Acoustic reconstruction in photoacoustic imaging

Introduction:
Photoacoustic (PA) imaging is an emerging technology that has a wide range of applications in both biological and clinical studies such as hemodynamics, oxygen metabolism, biomarkers, and gene expression [1-2]. PA is a coupled-physics imaging modality: light is sent to the surface of the sample and ultrasound is detected as measurement. Therefore, PA is advantageous to pure optical or ultrasound imaging technologies as it achieves good optical contrast at high acoustic resolution.
Motivation of the project:
The forward model of PA is composed of two parts: photon excitation (optical) and ultrasound detection (acoustic). This project focuses on the acoustic part.

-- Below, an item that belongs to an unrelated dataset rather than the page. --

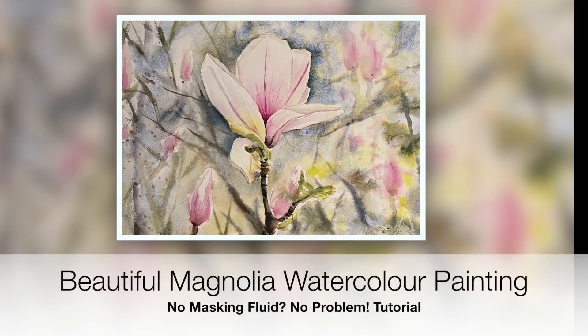Hi guys, welcome to this beautiful magnolia watercolor painting. It's part of my no masking fluid, no problems series of tutorials. If you don't have access to masking fluid or you don't like using it, I'm going to talk about alternative ways to paint a light-colored flower like this magnolia without the use of masking fluid. Shall we get started?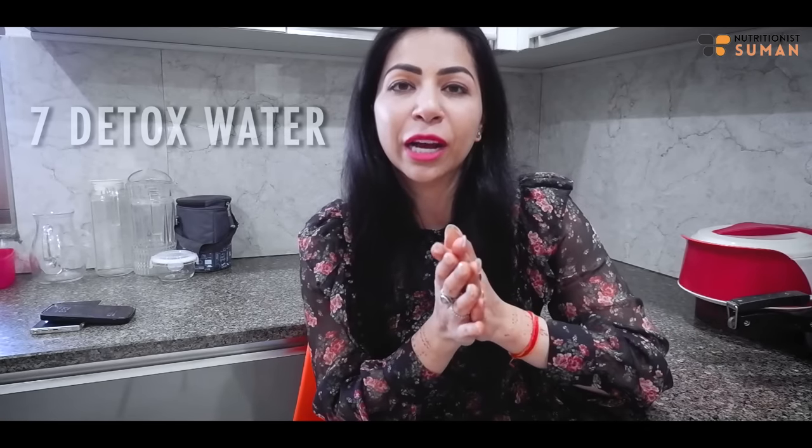Whether it's a lehenga, your sari, your anarkali, or your suit - no matter how you dress, belly fat will show. After many comments and messages, I have come up with 7 detox waters which will help your belly fat say bye-bye. You will be able to reduce your belly fat, and I am saying you should check your belly fat daily.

The acoustic reconstruction algorithm varies with the experimental setup, e.g. the geometry of the detector. There are three common geometries: planar, cylindrical and spherical (see above, [4]). We are interested in designing robust reconstruction algorithms under different setups.
Tasks:
The student will gain insight into computational imaging by learning how to build a mathematical model based on the physics of PA imaging, formulate the corresponding forward model and inverse problems, design and implement reconstruction algorithms, and finally test the algorithms on numerical phantoms.
Prerequisites:
Solid background in analysis and basic physics, good programming skills (mainly Python for this project), and enthusiasm in biomedical imaging.
References:
[1] Wang, L. V. & Hu, S. Photoacoustic Tomography: In Vivo Imaging from Organelles to Organs. Science 335, 1458–1462 (2012).

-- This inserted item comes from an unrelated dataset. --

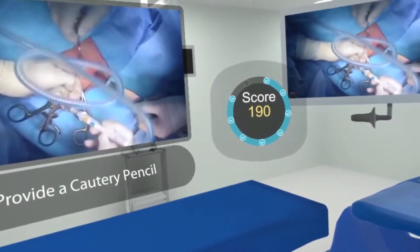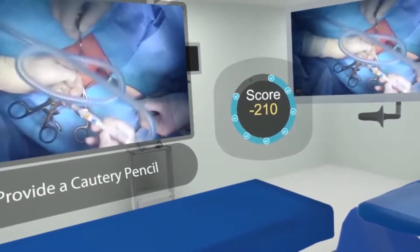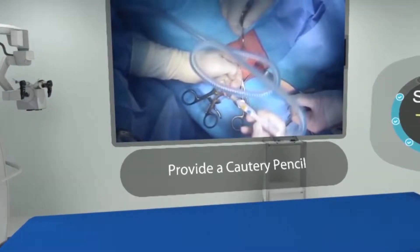The other thing I'm going to show you is if we put our hands below the table, I will also get penalized. 'Hey, keep your hands above the table.' So we implement scoring penalties to ensure that learners learn not to do those things.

[2] Wang, L. V. Multiscale photoacoustic microscopy and computed tomography. Nature Photon 3, 503–509 (2009).
[3] Wang, L. V. & Yao, J. A practical guide to photoacoustic tomography in the life sciences. Nat Methods 13, 627–638 (2016).
[4] Xu, M. & Wang, L. V. Universal back-projection algorithm for photoacoustic computed tomography. Phys. Rev. E 71, 016706 (2005).